--- Extracted records ---
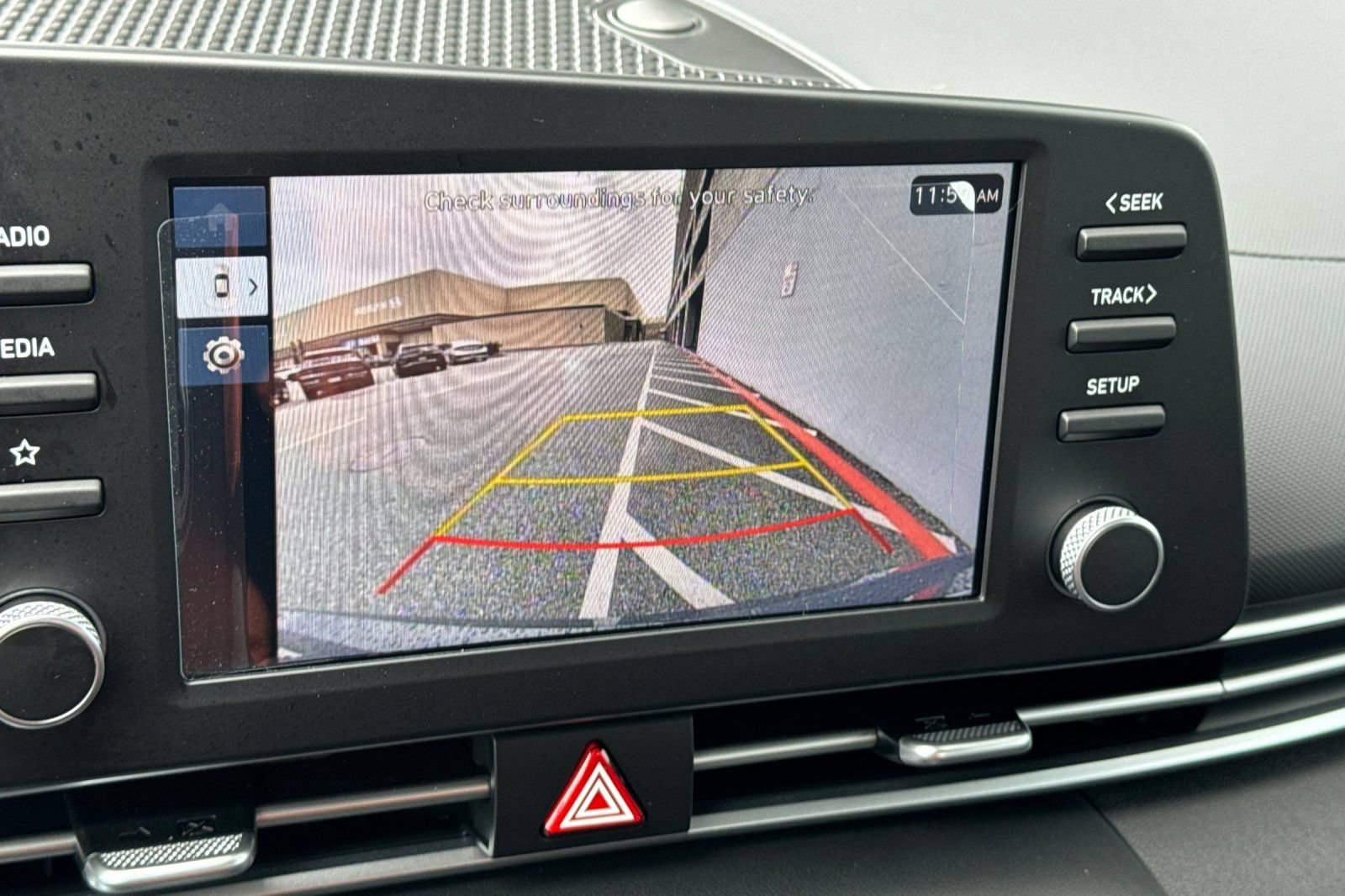 Used 2025 Hyundai Elantra Hybrid FWD image 18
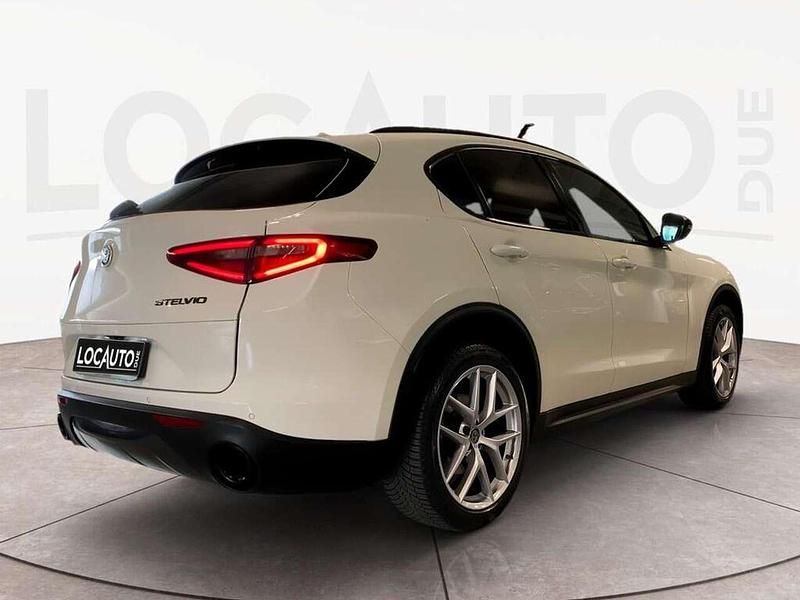 Usata Alfa Romeo Stelvio Executive 280 CV (205 kW) 2019 Bianco SUV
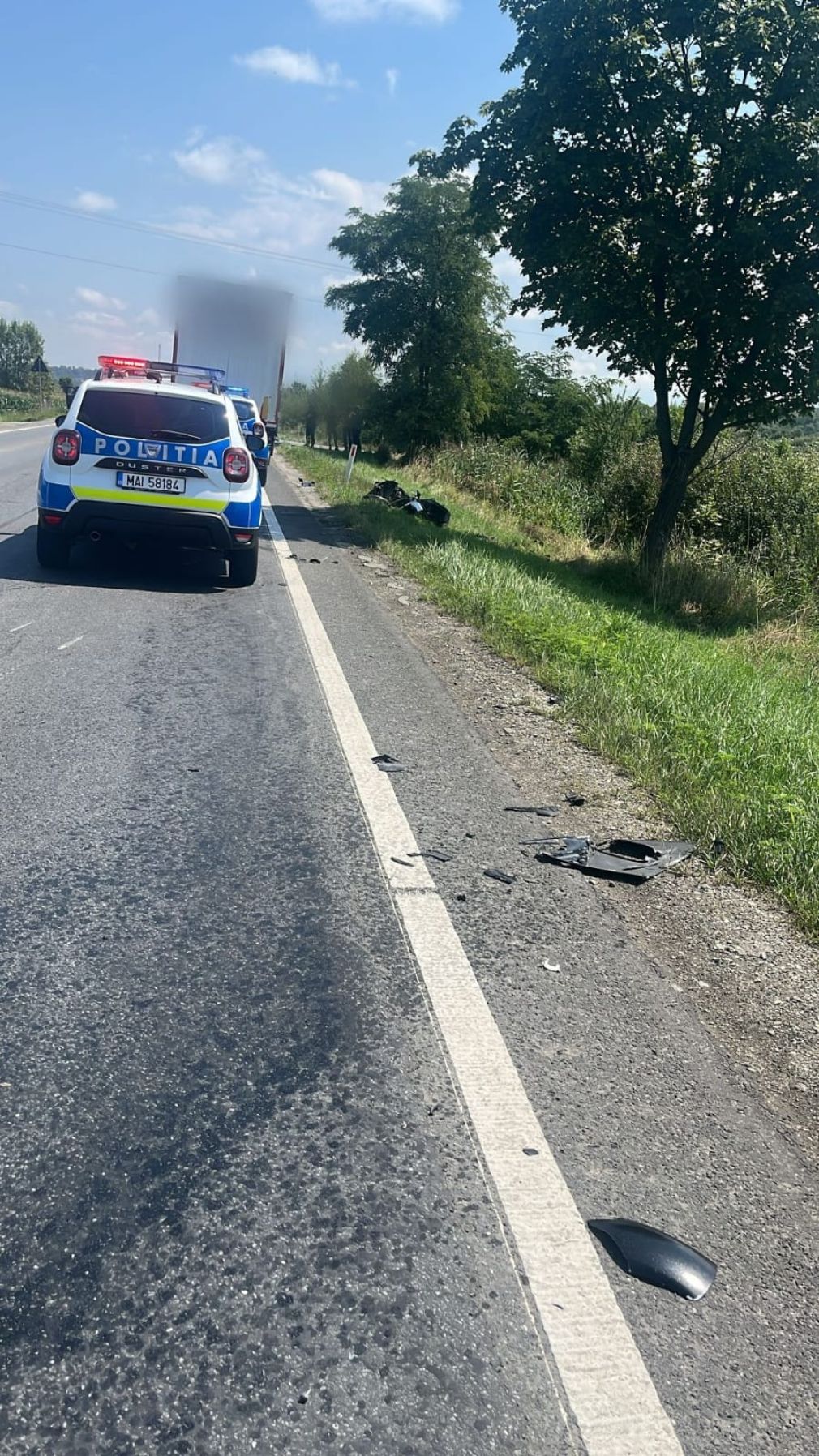 Grav accident între un camion și o motocicletă. Traficul a fost dat peste cap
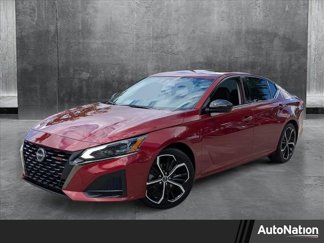 Used 2023 Nissan Altima 2.5 SR w/ SR Premium Package image 1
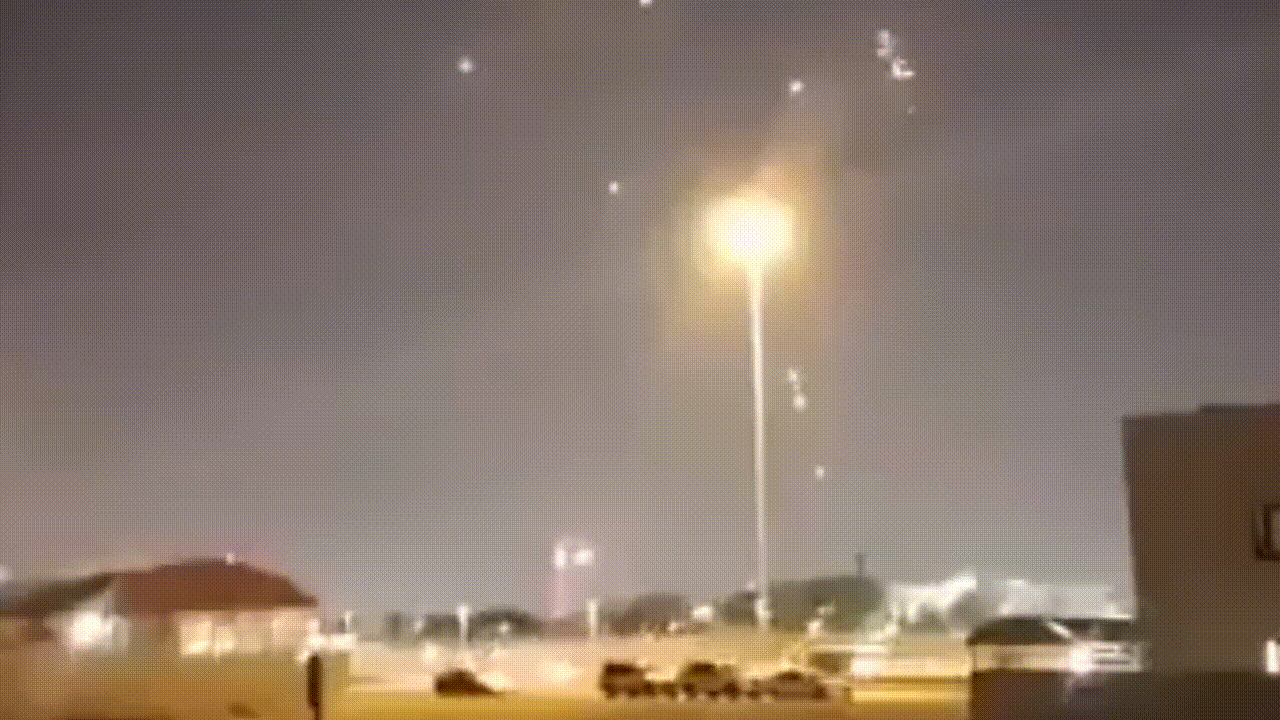 Qatar bevestigt dat zijn verdediging raketten onderschept die gericht zijn op de Amerikaanse militaire basis Al Udeid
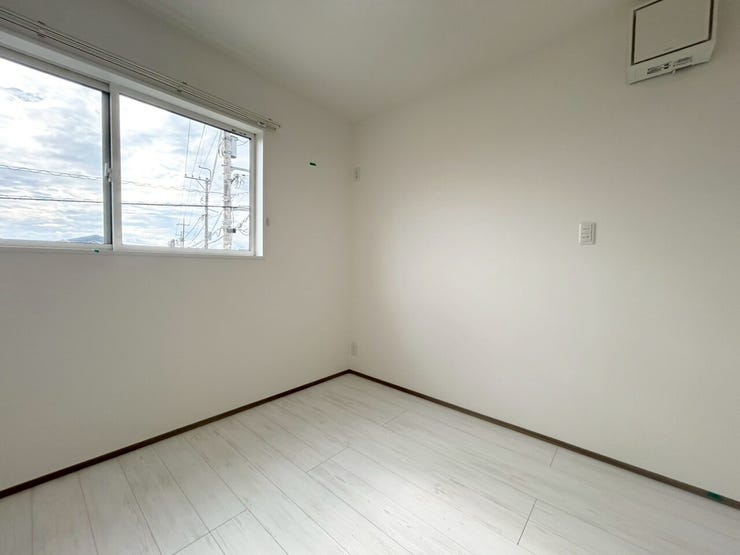 白いフローリングで空間がより広く感じられますね。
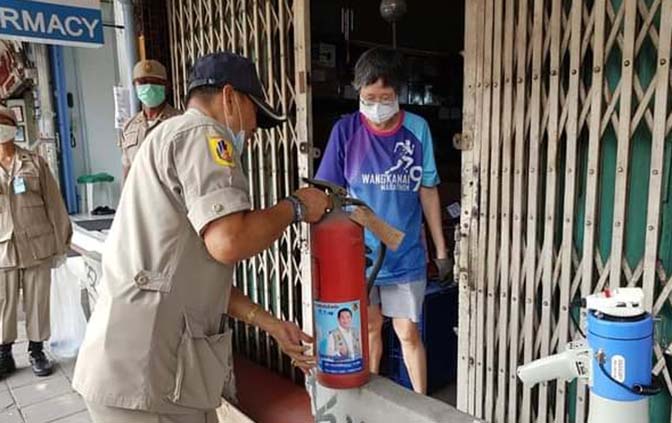 ประธานศูนย์ อปพร.เขตคลองเตย ออกรณรงค์ป้องกันอัคคีภัยในช่วงหน้าร้อน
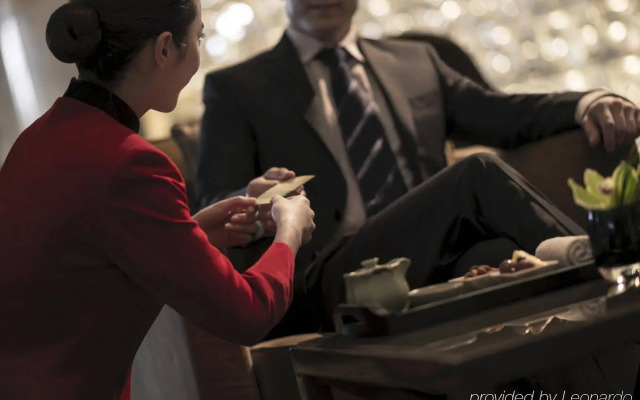 HUALUXE Hotels & Resorts Yangjiang City Center by IHG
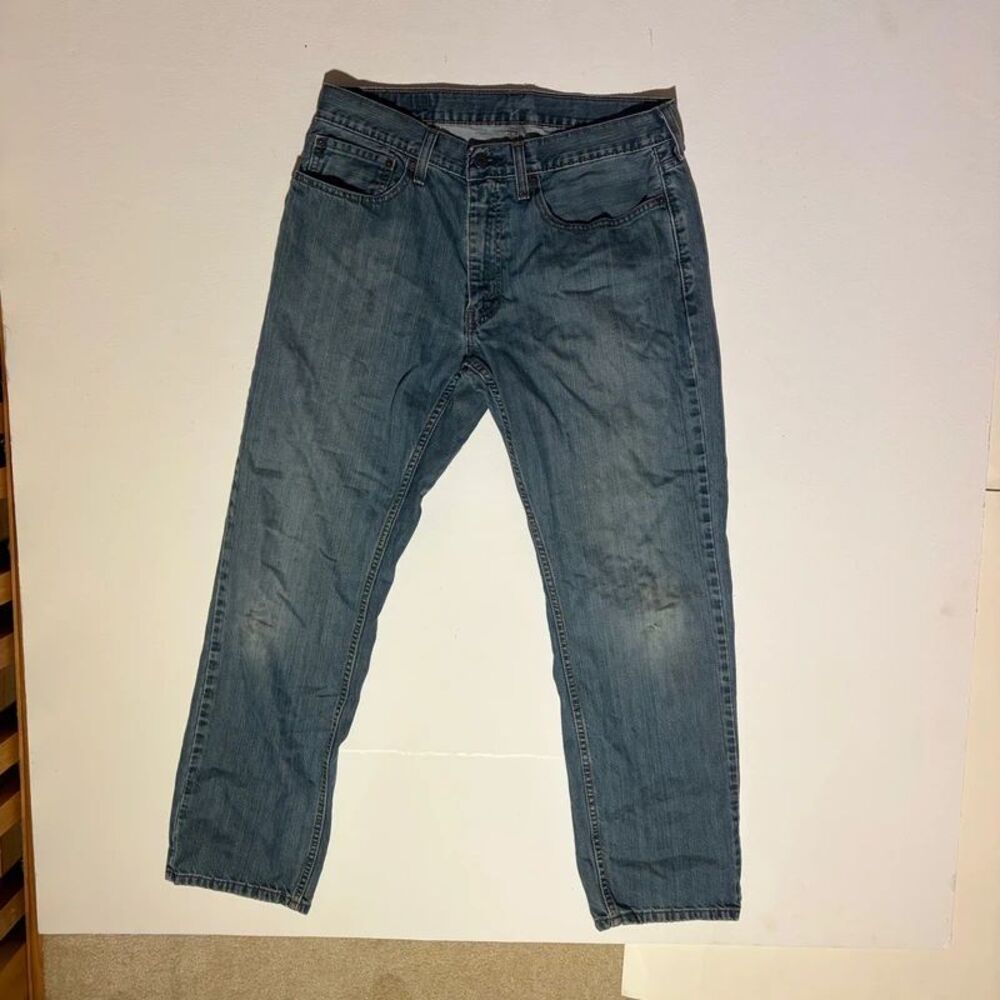 Baggy Levi's 559 Men's Jeans with some fading and wear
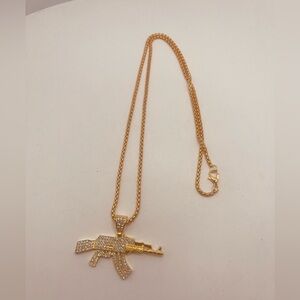 Gold plated necklace for men’s gun design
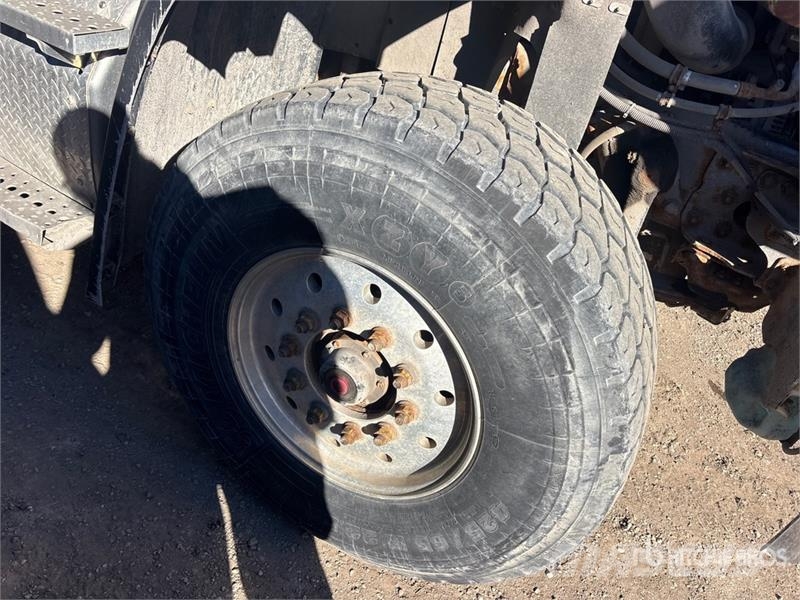 Freightliner 114SD 8x4 Flatbed Truck Kamioni sa otvorenim sandukom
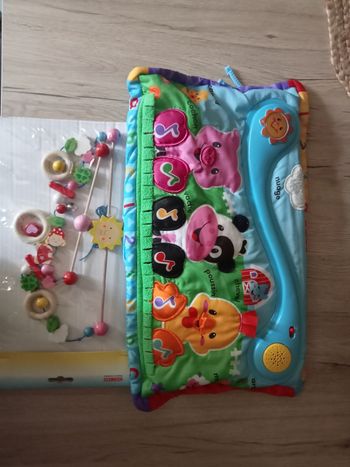 Mobile neuf et Fisher Price bon musical bon etat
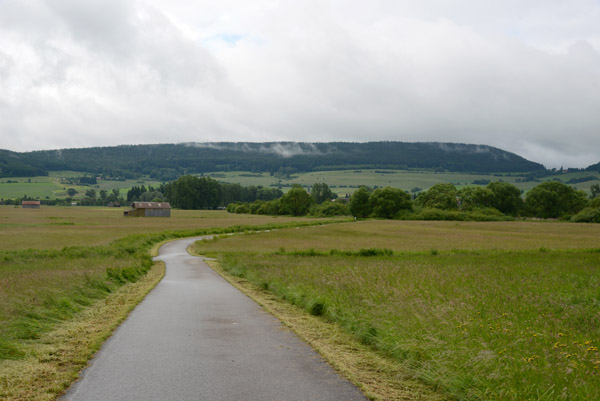 When the Donauradweg isn't directly on the river bank, it usually follows small, peaceful country lanes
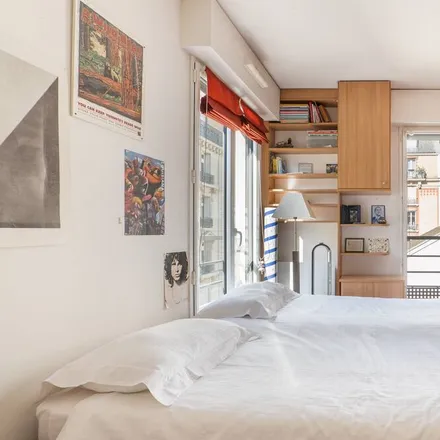 Rent this 3 bed apartment on Paris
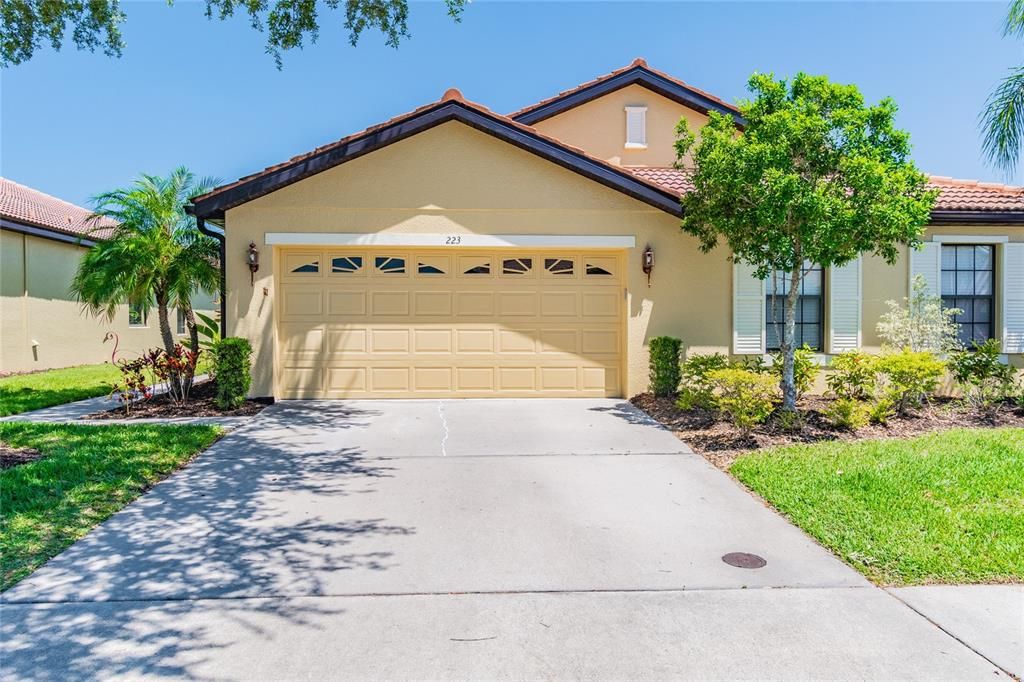 Recently Sold: $249,900 (2 beds, 2 baths, 1393 Square Feet)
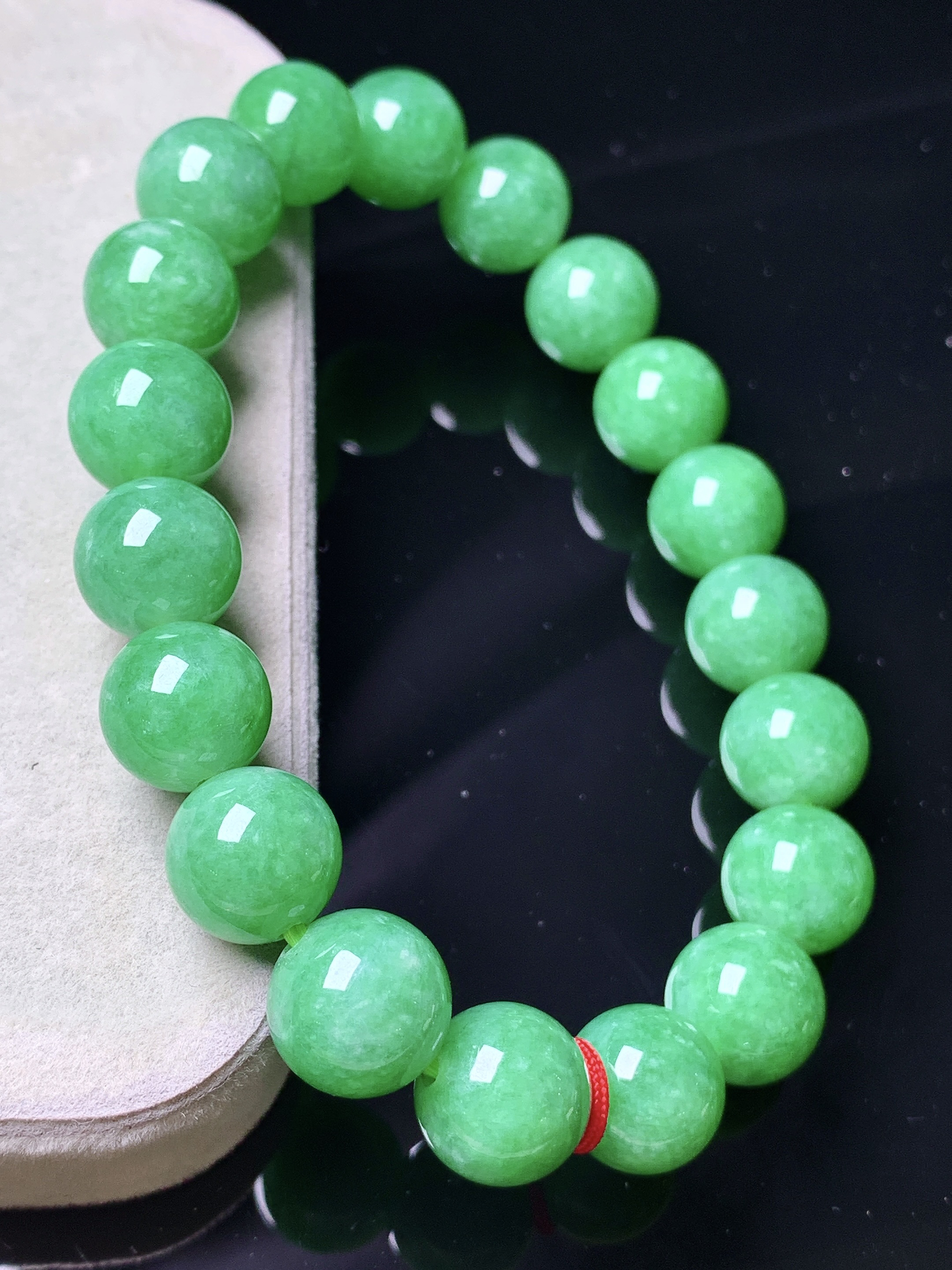 阳绿圆珠手链 玉质细腻 色泽艳丽清新 水润亮眼 整体尺寸10 x3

--- Work request ---
Strip the images and reproduce the remaining records precisely.

--- Expected output ---
 Used 2025 Hyundai Elantra Hybrid FWD image 18
 Usata Alfa Romeo Stelvio Executive 280 CV (205 kW) 2019 Bianco SUV
 Grav accident între un camion și o motocicletă. Traficul a fost dat peste cap
 Used 2023 Nissan Altima 2.5 SR w/ SR Premium Package image 1
 Qatar bevestigt dat zijn verdediging raketten onderschept die gericht zijn op de Amerikaanse militaire basis Al Udeid
 白いフローリングで空間がより広く感じられますね。
 ประธานศูนย์ อปพร.เขตคลองเตย ออกรณรงค์ป้องกันอัคคีภัยในช่วงหน้าร้อน
 HUALUXE Hotels & Resorts Yangjiang City Center by IHG
 Baggy Levi's 559 Men's Jeans with some fading and wear
 Gold plated necklace for men’s gun design
 Freightliner 114SD 8x4 Flatbed Truck Kamioni sa otvorenim sandukom
 Mobile neuf et Fisher Price bon musical bon etat
 When the Donauradweg isn't directly on the river bank, it usually follows small, peaceful country lanes
 Rent this 3 bed apartment on Paris
 Recently Sold: $249,900 (2 beds, 2 baths, 1393 Square Feet)
 阳绿圆珠手链 玉质细腻 色泽艳丽清新 水润亮眼 整体尺寸10 x3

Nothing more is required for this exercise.